Irak-Türkiye Boru Hattı’ndaki kapasite artışı ile enerji güvenliği güçleniyor; ticaret ve bölgesel istikrar için yeni bir görünüm sunuyor.
Enerji ve Tabii Kaynaklar Bakanı Alparslan Bayraktar, NSosyal hesabı üzerinden yaptığı açıklamada, deprem nedeniyle geçici olarak durdurulan ve 4 Ekim 2023’te operasyona hazır hale getirilen Irak-Türkiye Ham Petrol Boru Hattı’nın 27 Eylül itibarıyla yeniden akışa geçtiğini duyurdu. Hattın günlük 1,5 milyon varil kapasitesiyle Türk enerji arz güvenliğine katkı sağlaması ve küresel piyasalarda çeşitlilik sunması bekleniyor.
SOMO’nun Ceyhan Limanı üzerinden Irak-Türkiye boru hattı yoluyla Irak Kürt Bölgesel Yönetimi’ndeki sahalardan üretilen ham petrolü ihraç edeceğini bildirdiği açıklamada, ilk aşamada günlük yaklaşık 200 bin varil petrolün Türkiye’nin Ceyhan Limanı’na taşınması öngörülüyor. Irak Petrol Bakanlığı da bu süreci destekleyici adımlar olarak nitelendirildi.
Bayraktar’ın Temmuz ayında AA Editör Masası’ndaki değerlendirmesinde, hattın tam kapasiteyle çalışması halinde 40 milyar dolar ticaret potansiyeli bulunduğunu ve Irak’ın günlük 4 milyon varillik petrol ihracatının yüzde 40’ını Türkiye üzerinden dünyaya sunabileceğini ifade ettiği belirtildi.
HATTIN KAPASİTESİ DÜNYA ÜRETİMİNİN YÜZDE 1’İ KADAR açıklamasında, Atlantik Konseyi Kıdemli Araştırmacısı John Roberts, hattın yeniden devreye alınmasının küresel piyasalarda çok büyük bir etki yaratmasa da Türkiye için faydalı olacağını belirtti. Roberts’a göre hattın günde 1 milyon varilden fazla kapasitesi, dünya üretiminin yaklaşık yüzde 1’ine denk geliyor ve arz açısından destekleyici bir rol oynuyor; ancak mevcut durumun tam kapasiteye ulaşmaması ihtimali de mevcut.

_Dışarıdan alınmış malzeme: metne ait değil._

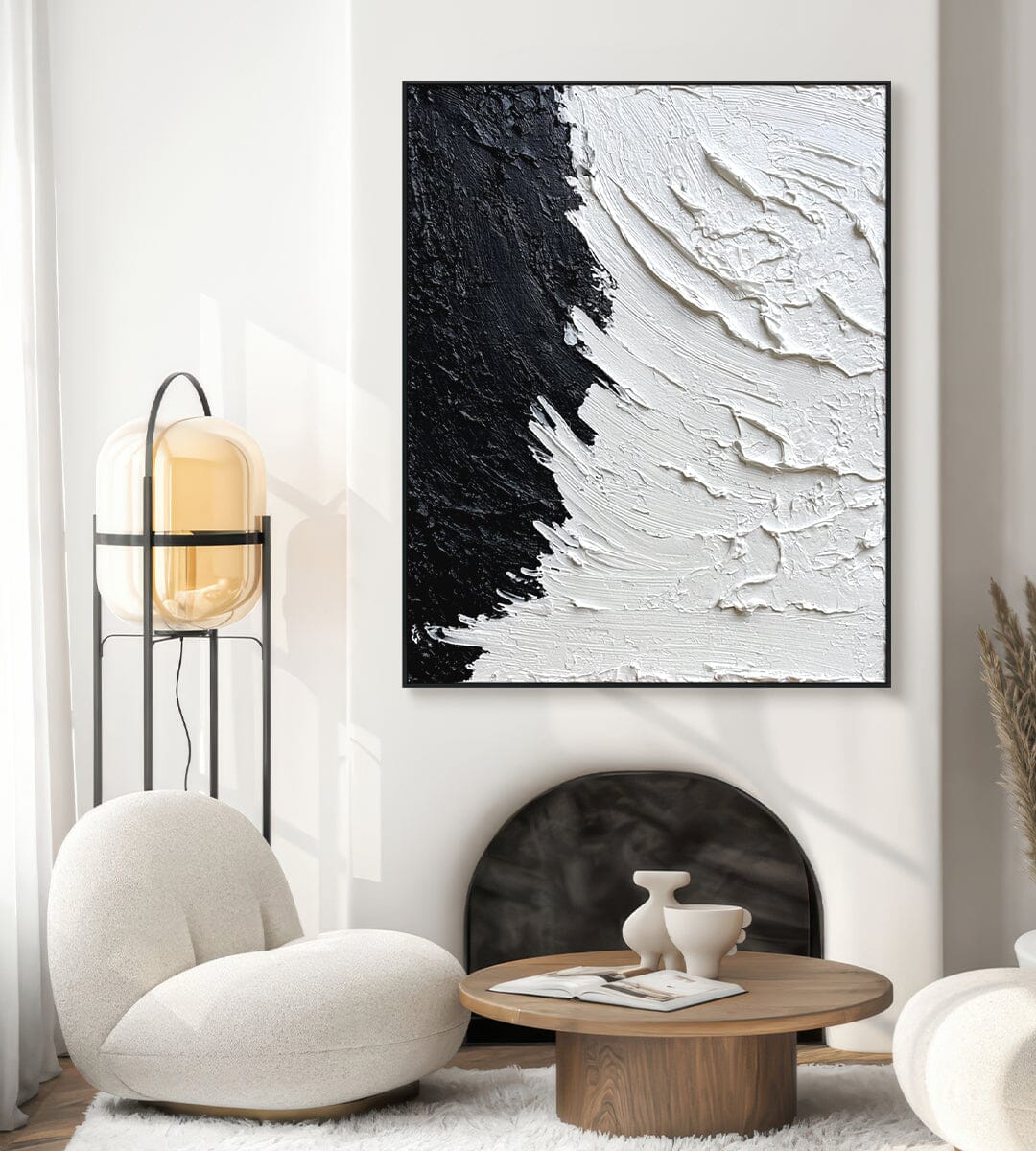Contrast Flow – Textured Black and White Painting #93019 Painting artwepaint 
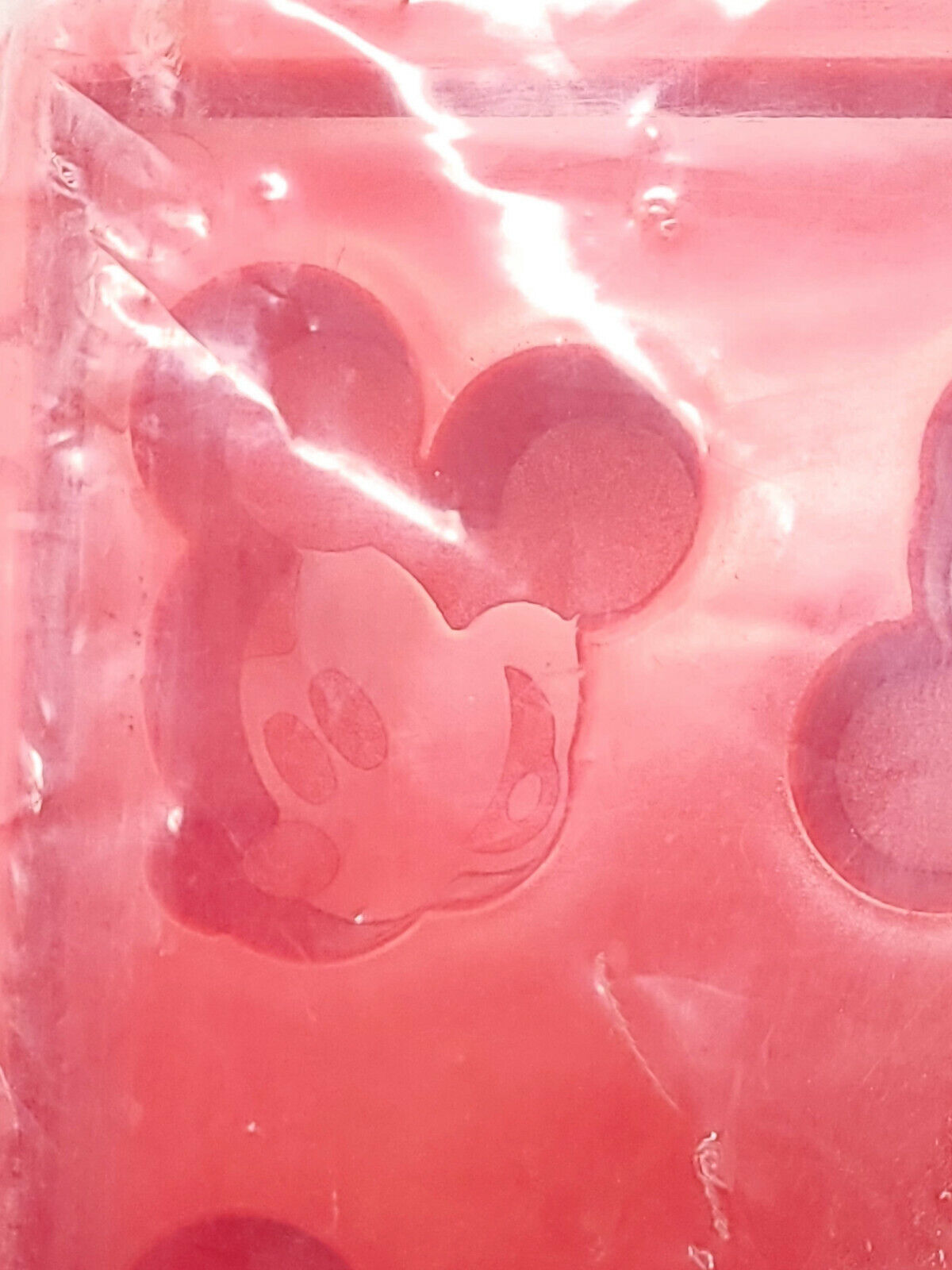 Disney Mickey Mouse Head Ice Cube Tray Rigid Plastic - RED - New in packaging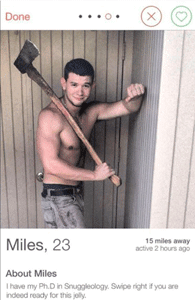 Screenshot eines Tinder-Profils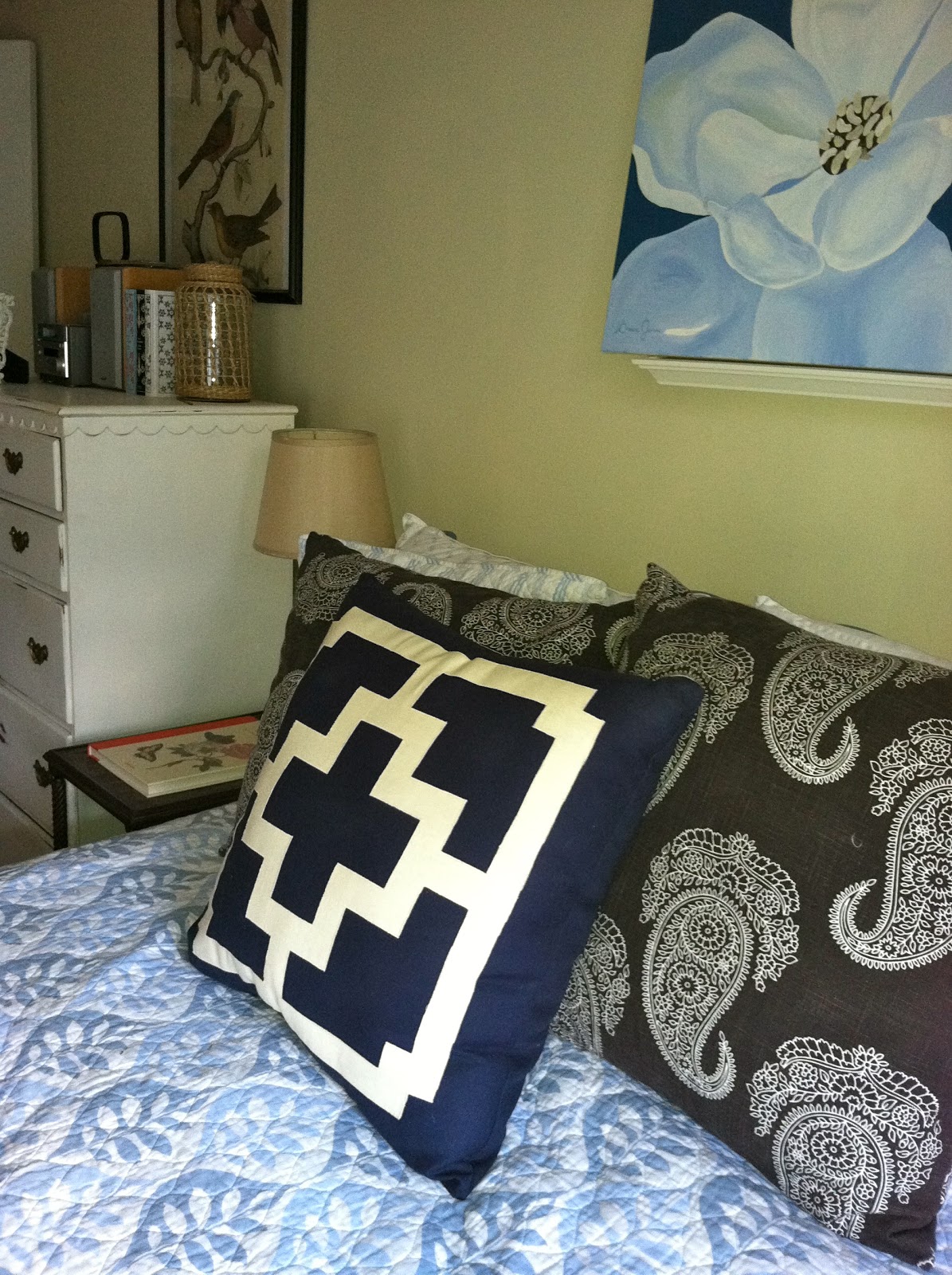 GraceAdkinsDesigns Navy Blue and Cream Geometric Throw Pillow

Roberts ayrıca Avrupa’da petrol arzında sıkıntı olmadığını vurgulayarak, tüketimin enerji dengesi içindeki payının geçmişe göre daha da küçüldüğünü ifade etti. Türkiye’nin enerji güvenliği açısından asıl kritik unsurunun Sakarya sahasındaki doğal gaz üretimi olduğuna dikkat çekti ve ithal gaz talebinin azalmasının önemli olduğunu söyledi.

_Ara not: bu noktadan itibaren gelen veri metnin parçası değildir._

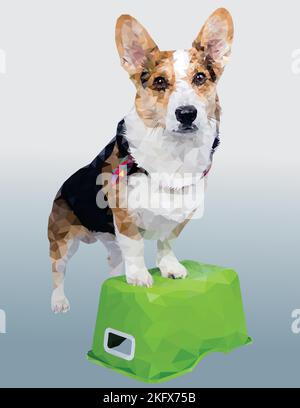 Dog Geometrical low poly vector art Stock Vector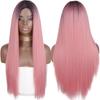 Длинный прямой парик из синтетических волос розового цвета для женщин, натуральный парик со средней частью для девочек, термостойкое волокно, натуральный парик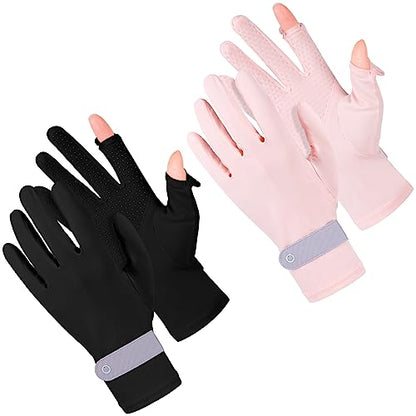 ONESING 2 Pairs Sun Protection Gloves UV Non Slip Full Finger Sun Gloves for Women Riding Golf Hiking Driving Fishing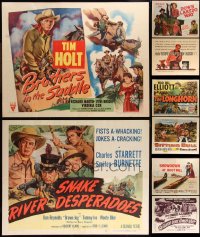 1d0999 LOT OF 15 FORMERLY FOLDED COWBOY WESTERN HALF-SHEETS 1930s-1960s cool movie images!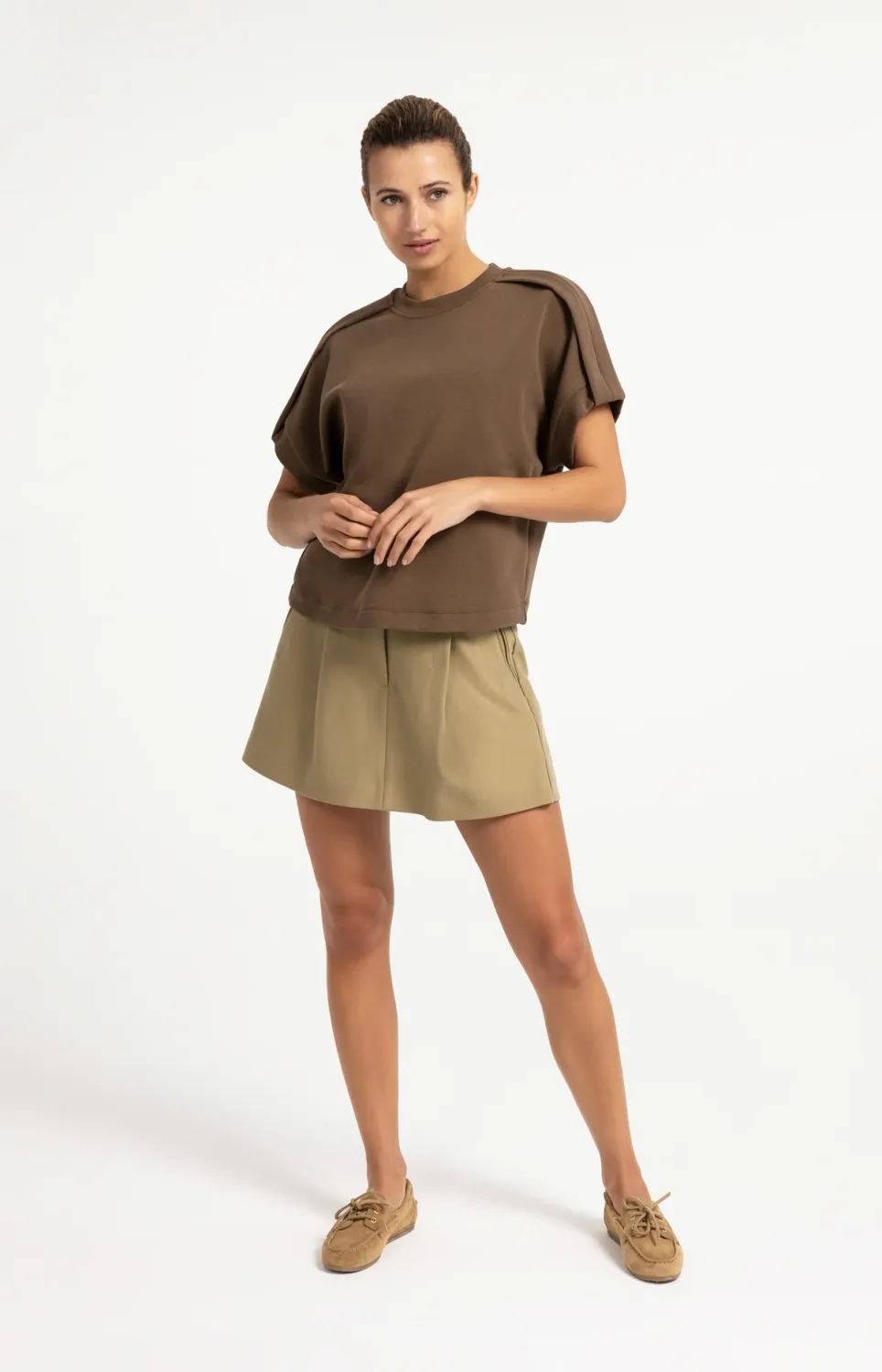 YAYA Mouwloze sweater teak brown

IRAK TEDARİK KAYNAKLARINI ÇEŞİTLENDİRMEYE İHTİYAÇ DUYUYOR başlıklı bölümde Oslo Üniversitesi Siyaset Bilimi Bölümü Dr. Öğr. Üyesi Francesco Sassi, boru hattının yeniden faaliyete geçmesinin Avrupa Birliği ve bölgesel enerji piyasaları üzerinde belirgin bir etkisi olmadığını savundu. Sassi, özellikle son 2,5 yılda arz fazlası ve düşük fiyatlar nedeniyle operatörlerin alternatif tedarik kaynakları bulduğunu söyledi. Hattın yeniden devreye girmesinin Irak, IKBY ve Türkiye üçgenindeki enerji jeopolitiğine dair ipuçları sunduğunu belirterek, Irak’ın Hürmüz Boğazı’na bağımlılığı azaltarak kaynaklarını çeşitlendirme arayışında olduğunu ve hükümetler arasındaki petrol yönetimi konularında yeni girişimler başlattığını ifade etti. Bağdat ve Ankara’daki temasların bölgede enerji güvenliğini sağlamaya ve Körfez ülkelerinden Akdeniz’e doğru bir siyasi-ekonomik eksen oluşturmaya yöneldiğini söyledi.